- Filename extension: .art
- Developed by: America Online (AOL)
- Type of format: Image file formats

= ART image file format =

File format used by AOL

ART is a proprietary image file format used mostly by the America Online (AOL) service and client software.

== Technical details ==
The ART format (file extension ".art") holds a single still image that has been highly compressed. The format was designed to facilitate the quick downloading of images, among other things. Originally, the compression was developed by the Johnson-Grace Company, which was then acquired by AOL. When an image is converted to the ART format, the image is analyzed and the software decides what compression technique would be best. The ART format has similarities to the progressive JPEG format, and certain attributes of the ART format can lead to image quality being sacrificed for the sake of image compression (for instance, the image's color palette can be limited).

== Usage by AOL ==
The AOL service used the ART image format for most of the image presentation of the online service. In addition, the AOL client's web browser also automatically served such images in the ART format to achieve faster downloads on the slower dialup connections that were prevalent in those days. This conversion was done in the AOL proxy servers and could be optionally disabled by the user. This image conversion process effectively reduced the download time for image files. This technology was once branded as Turboweb and is now known as AOL TopSpeed.
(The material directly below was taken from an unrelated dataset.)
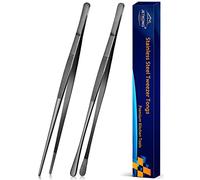 JETKONG 2 pinzas de cocina de 12 pulgadas con puntas dentadas de precisión, pinzas de cocina profesionales de acero inoxidable para barbacoa, chapado y servir (12 pulgadas, negro)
== Software support for ART ==
The Graphic Workshop Professional software from Alchemy Mindworks Corp. supports ART files. (With later versions of the Graphic Workshop Professional software, an ART plugin from Alchemy Mindworks is required for this support.) For the Windows 2000 platform, Microsoft released the AOL Image Support Update which added support for ART images. As of June 2006 the Internet Explorer browser no longer supported ART files when Microsoft released a security update. Among other things, this update removed support for ART files from the Internet Explorer browser in order to help prevent issues where invalid ART data could cause the Internet Explorer software to unexpectedly quit. An ART file that is opened with the AOL picture viewer can be saved as another file type.
Software Mfg. Delcam (a subsidiary of Autodesk) has a product called Artcam which uses the ART file extension to create CAD/CAM files.